(Saved data entries)
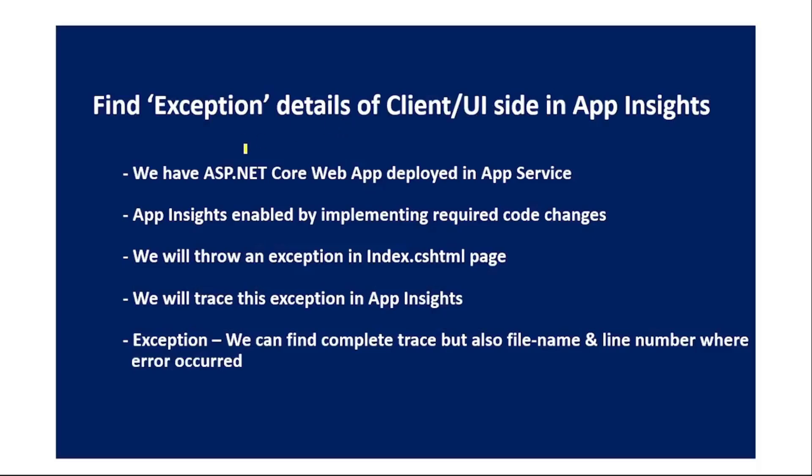Hello guys, in this video let's find exception details of our client-side or UI side of our ASP.NET Core web app in Azure Application Insights. We have this ASP.NET Core web app which is deployed in Azure App Service and for that App Insights is enabled.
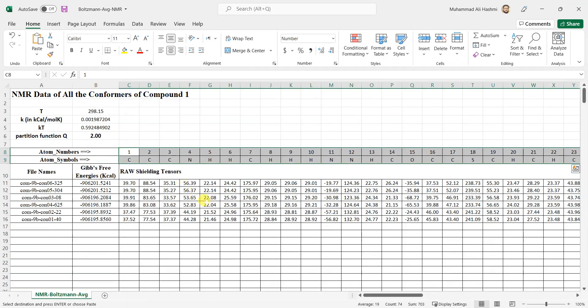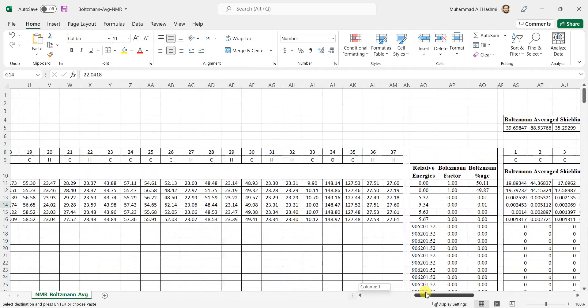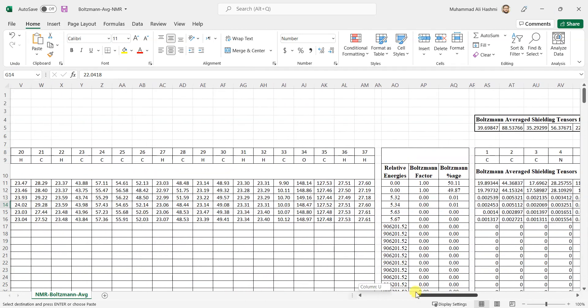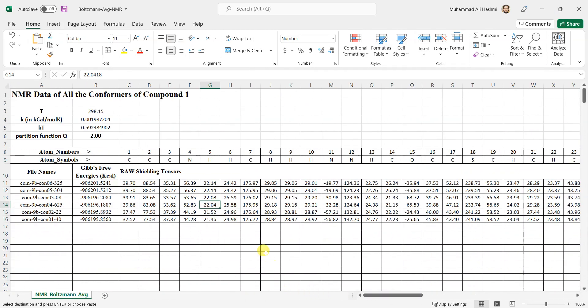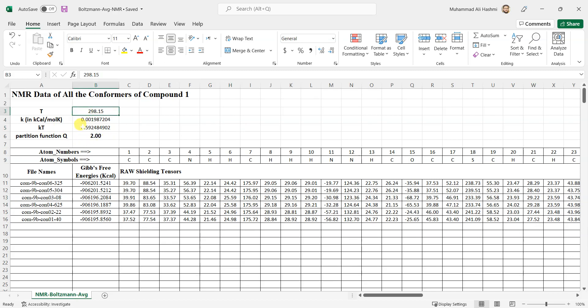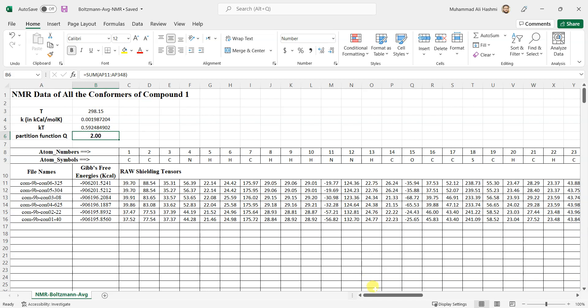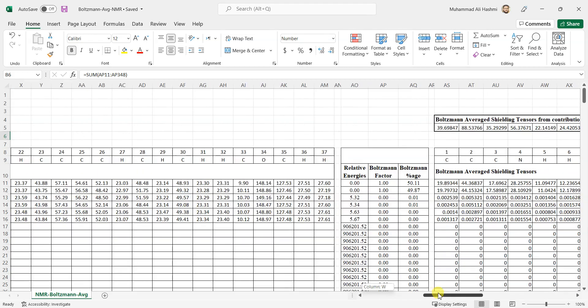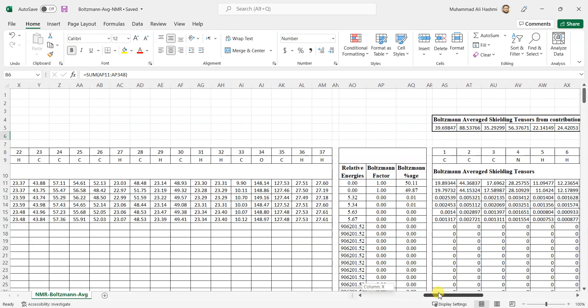Now you can see that there are formulas available which are fixed in this Excel sheet, so you don't really need to disturb any of that thing. The temperature is here—if you change the temperature during your calculation, you can change it. Then the value of k is given. Partition function is calculated automatically depending on the data, so its value should be one, which is the best one.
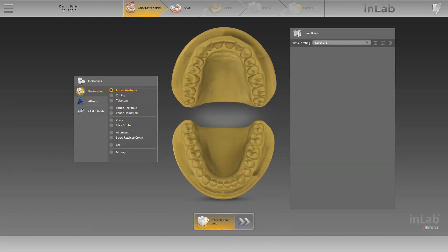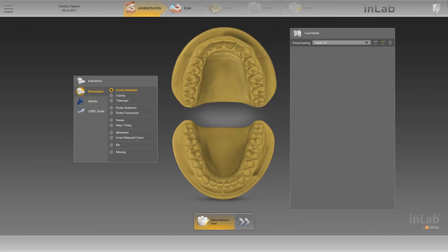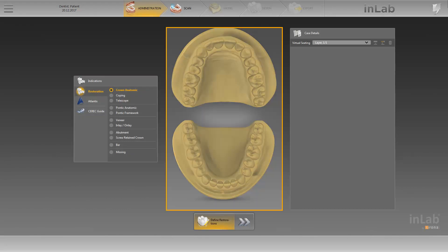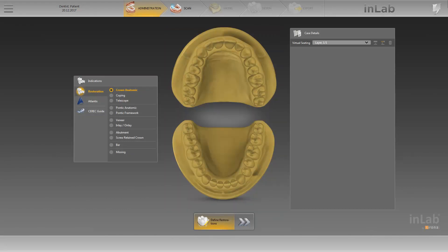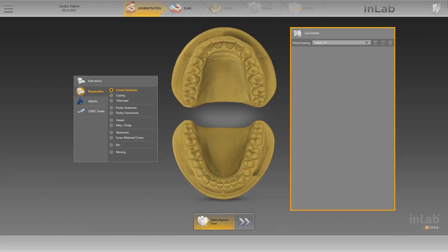The basic procedure in the administration phase has changed with the new InLab Software 18.0. You stay in the same view throughout the entire administration phase, first selecting the indication on the left, creating it in the odontogram, and then specifying the case details on the right.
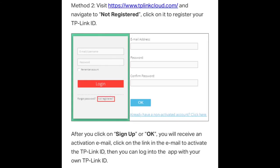If you're using a laptop or computer, just go to www.tp-link-cloud.com. Press 'Not Registered.' Use a valid email and create a password. Once done, just press Sign Up or OK.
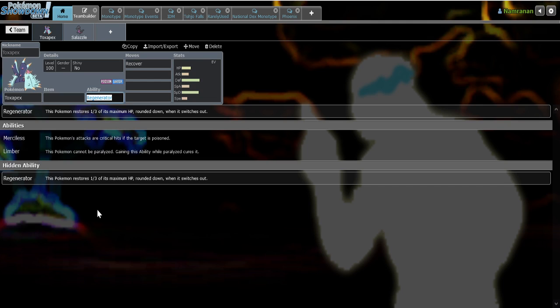Because when you have Corrosion you no longer have Regenerator, and it's pretty easy to wear down Toxapex seeing as it's obviously affected by Sandstorm, affected by all sorts of hazards except for Toxic Spikes, and it has very common weaknesses. And it's incredibly slow, so it's not like Toxapex cannot be killed, it's just hard to kill it especially without a core Pokémon that fits its weaknesses.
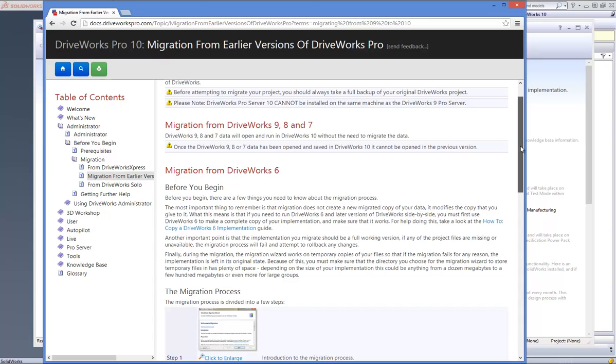This is another reason we take a backup of the data, just in case you need to open an older version of DriveWorks. If you are using DriveWorks 6, the migration procedure is slightly longer.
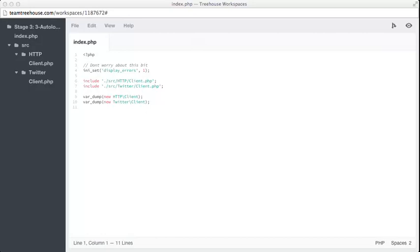To save us including each of them manually, let's make our own autoloader, allowing other developers or future you to add dependencies easily. Let's tuck this autoloader away in a bootstrap file to keep our index nice and clean.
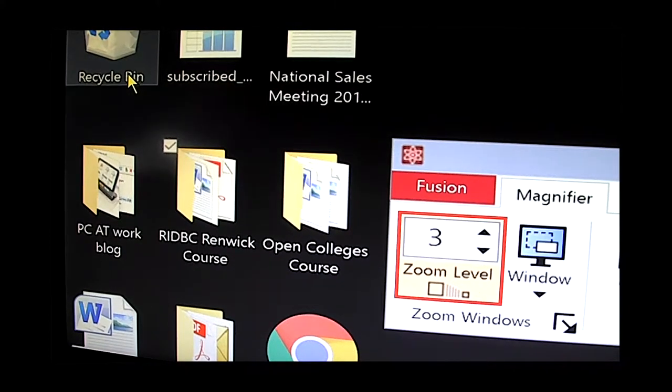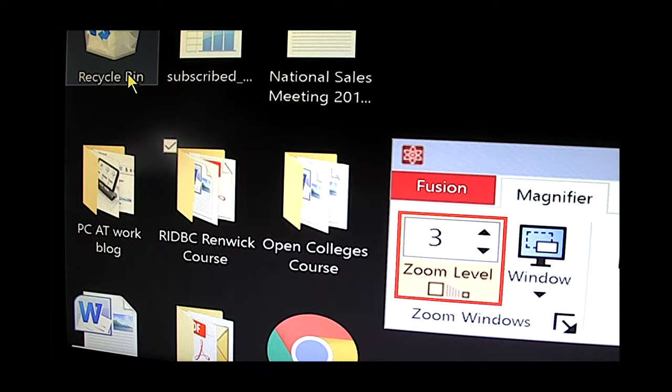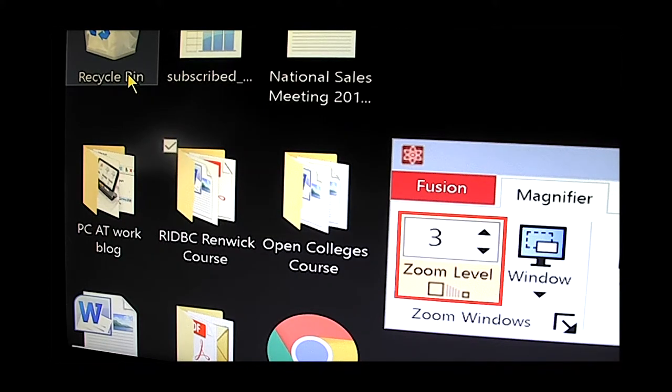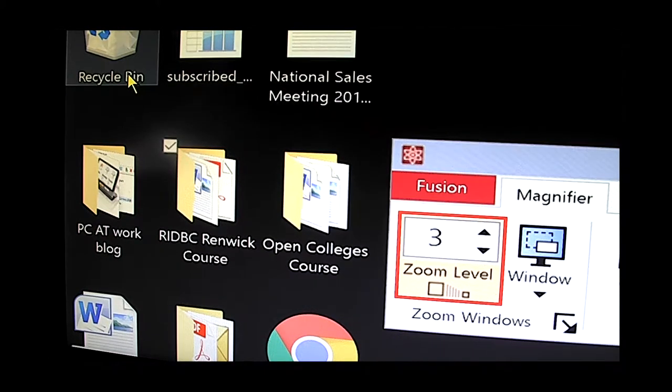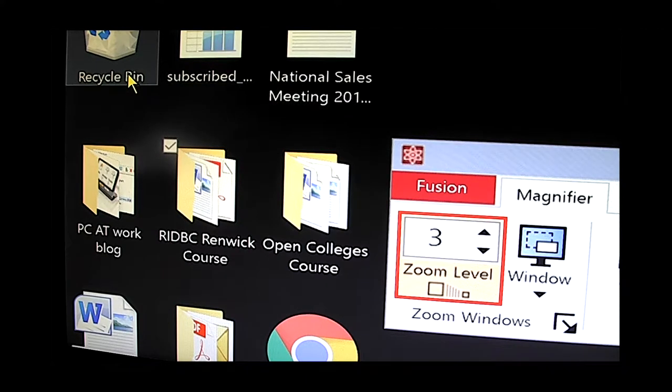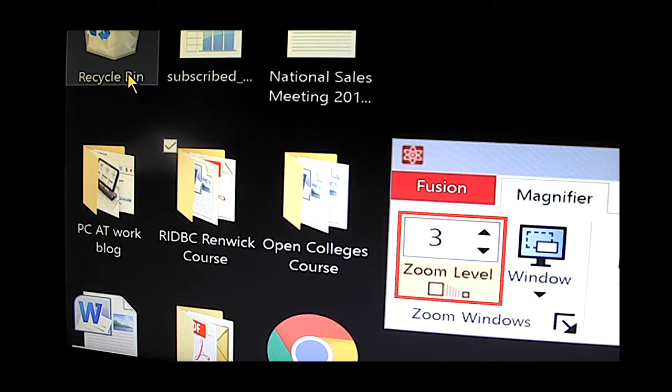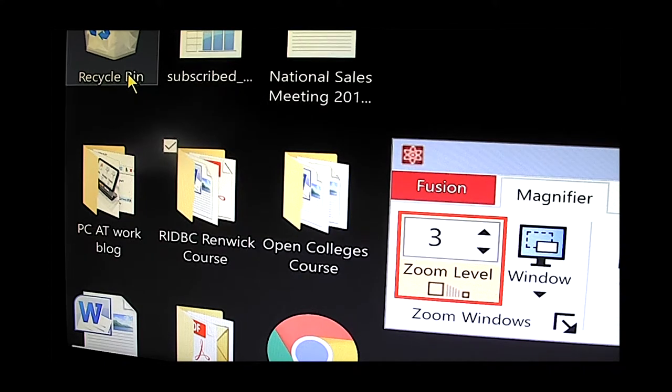And here we are at 2.75 and as we go up to say 3. Now we're seeing just one-ninth of the whole screen because we're at a three times magnification. So if you imagine the screen divided into sections there will be nine rectangles that make up the entire screen.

* ASSIGNED TASK *
Would you give the entries above again verbatim, omitting the images they contain?

* FINISHED TASK *
Hello guys, in this video let's find exception details of our client-side or UI side of our ASP.NET Core web app in Azure Application Insights. We have this ASP.NET Core web app which is deployed in Azure App Service and for that App Insights is enabled.
Now you can see that there are formulas available which are fixed in this Excel sheet, so you don't really need to disturb any of that thing. The temperature is here—if you change the temperature during your calculation, you can change it. Then the value of k is given. Partition function is calculated automatically depending on the data, so its value should be one, which is the best one.
The basic procedure in the administration phase has changed with the new InLab Software 18.0. You stay in the same view throughout the entire administration phase, first selecting the indication on the left, creating it in the odontogram, and then specifying the case details on the right.
If you're using a laptop or computer, just go to www.tp-link-cloud.com. Press 'Not Registered.' Use a valid email and create a password. Once done, just press Sign Up or OK.
Because when you have Corrosion you no longer have Regenerator, and it's pretty easy to wear down Toxapex seeing as it's obviously affected by Sandstorm, affected by all sorts of hazards except for Toxic Spikes, and it has very common weaknesses. And it's incredibly slow, so it's not like Toxapex cannot be killed, it's just hard to kill it especially without a core Pokémon that fits its weaknesses.
This is another reason we take a backup of the data, just in case you need to open an older version of DriveWorks. If you are using DriveWorks 6, the migration procedure is slightly longer.
To save us including each of them manually, let's make our own autoloader, allowing other developers or future you to add dependencies easily. Let's tuck this autoloader away in a bootstrap file to keep our index nice and clean.
And here we are at 2.75 and as we go up to say 3. Now we're seeing just one-ninth of the whole screen because we're at a three times magnification. So if you imagine the screen divided into sections there will be nine rectangles that make up the entire screen.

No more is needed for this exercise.